# What does the Plow Pre Package consist of?



## turbo5560 (Apr 6, 2007)

I know that some trucks have the plow prep package, but what exactly is it? I mean is it more than dual batterys?


----------



## 06HD BOSS (Nov 28, 2005)

You dont get dual batteries. Its a larger 145-amp alternator, roof lamp provisions with the dash switch, an extra hole in the firewall, instrument panel jumper wiring harness for electric trailer brake controller, high-capacity air cleaner and skid plate package.


----------



## B&B (Nov 4, 2006)

06HD BOSS;395640 said:


> You dont get dual batteries.
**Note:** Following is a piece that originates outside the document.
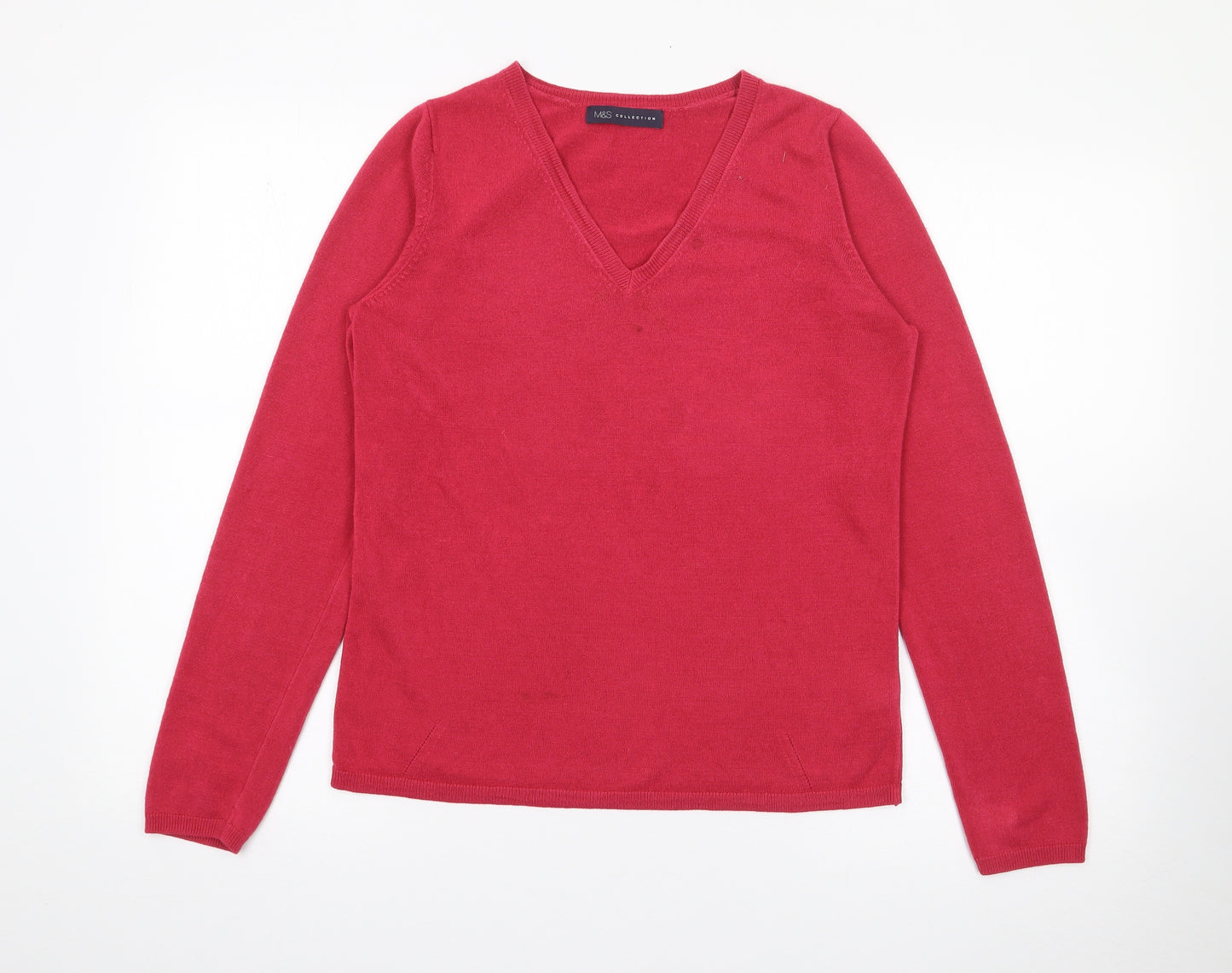Marks and Spencer Womens Pink V-Neck  Acrylic Pullover Jumper Size 12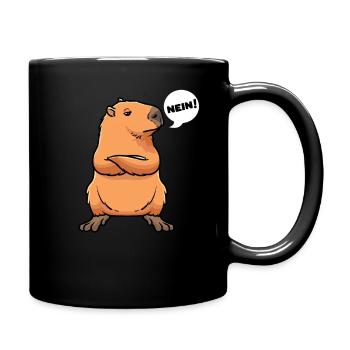 Capybara Wasserschwein - Tasse einfarbig - Schwarz - Rechts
Its a larger 145-amp alternator, roof lamp provisions with the dash switch, an extra hole in the firewall, instrument panel jumper wiring harness for electric trailer brake controller, high-capacity air cleaner and skid plate package.


And on a GM truck, the most important thing of all......the upgraded fan clutch to help prevent overheating with the plow on.


----------



## Kevin Kendrick (May 3, 2007)

According to the commercial sales manager at our local Ford dealership, on the Ford it just adds an additional leaf spring to the front end and costs only like $70 to do so.


----------



## scottL (Dec 7, 2002)

on the new style 2500hd it's; skid plates, roof wiring provision ( that's a joke ), larger trans cooler, 160amp alternator. No firewall wiring provision, No cut off for the air bags. ALSO, it means that GM knows you will be putting on a plow so, less or no issues with warranty unless it's obvious malicious abuse.


----------



## Mark13 (Dec 3, 2006)

Is it possible to have plow prep on a 2wd?
A friend of mine has a '00 gmc 2500 2wd and he says it has plow prep and has no idea why. (He knows his stuff about machinery/engines/vehicles so I believe him.)


----------



## B&B (Nov 4, 2006)

Mark13;395696 said:


> Is it possible to have plow prep on a 2wd?
> A friend of mine has a '00 gmc 2500 2wd and he says it has plow prep


Not that I'm aware of on a 2 wheeler Mark...what lead's him to believe his truck is pp equipped? Just curious.


----------



## Mark13 (Dec 3, 2006)

B&B;395699 said:


> Not that I'm aware of on a 2 wheeler Mark...what lead's him to believe his truck is pp equipped? Just curious.


I'm guessing his window sticker but I don't know for sure. He was even puzzled as to why a 2wd would have the plow prep package on it.


----------



## B&B (Nov 4, 2006)

Mark13;395722 said:


> I'm guessing his window sticker but I don't know for sure. He was even puzzled as to why a 2wd would have the plow prep package on it.


Ask him to check the option decal inside the glove box for the "VYU" plow prep option code. I'd be curious to know....


----------



## Mark13 (Dec 3, 2006)

B&B;395742 said:


> Ask him to check the option decal inside the glove box for the "VYU" plow prep option code. I'd be curious to know....


I was going to check the RPO codes in the glovebox when I see the truck but I couldn't remember what I was looking for.


----------



## B&B (Nov 4, 2006)

Mark13;395775 said:


> I was going to check the RPO codes in the glovebox when I see the truck but I couldn't remember what I was looking for.


Keep us posted on your findings Mark.....


----------



## Tahoeplower (Nov 20, 2010)

Taking a stab at it, but maybe the plow prep pkg and tow pkg have similar additions? Or if there was a sticker on the windshield, maybe the windshield is a replacement from a used truck? I realize this thread is 4 years old, just adding my 2 cents worth of ideas.


----------



## tls22 (Sep 30, 2007)

B&B;395642 said:


> And on a GM truck, the most important thing of all......the upgraded fan clutch to help prevent overheating with the plow on.


lmao.................My truck must have been a friday afternoon or monday morning special


----------